ИЗ РАЗНЫХ ДАЛЕЙ
ИЗ РАЗНЫХ ДАЛЕЙ
ПРОЛОГ
Очень высокий, худой человек в очках, не скрывающих ясную голубизну его глаз, стоял в саду, у террасы, глядя вдаль. Он, видимо, ждал кого-то. Солнце уже село, наступил долгий светлый вечер.
Из дома раздавались звуки рояля: жена играла фа-минорный ноктюрн Шопена. Как артистично! Она могла бы давать концерты и радовать не только близких… Не пришлось – в том была не ее вина.
Среди кустов запел соловей, но это не мешало слушать музыку. Была какая-то гармоничность в одновременном звучании ноктюрна и соловьиной песни, словно у них был один источник.

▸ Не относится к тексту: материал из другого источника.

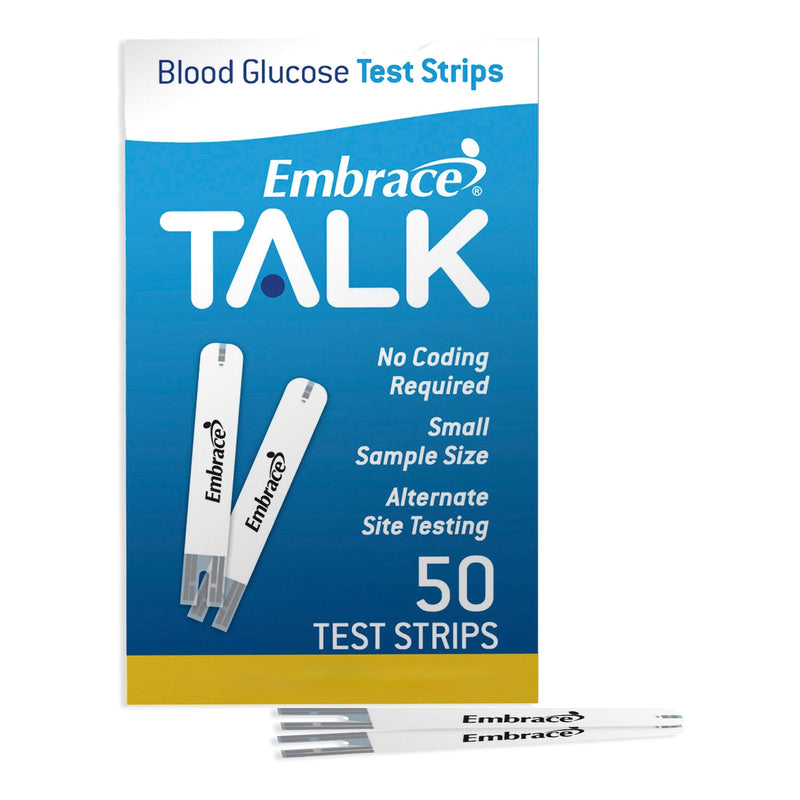 Embrace TALK Blood Glucose Test Strips (Box of 50) 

Человек, стоявший в саду, был давно болен. Но частые размышления о жизни и о главном в ней приучили его спокойно относиться к неизбежному. Когда бы оно ни наступило, оставшееся время принадлежит ему. И в те дни, когда болезнь не очень напоминала о себе, он особенно полно чувствовал свою близость к природе.
Эта древняя Вечаша [24] где он проводил летние месяцы, продолжительный вечерний день, пение соловья и звуки рояля – всё сливалось в одно впечатление прощального и ласкового внимания.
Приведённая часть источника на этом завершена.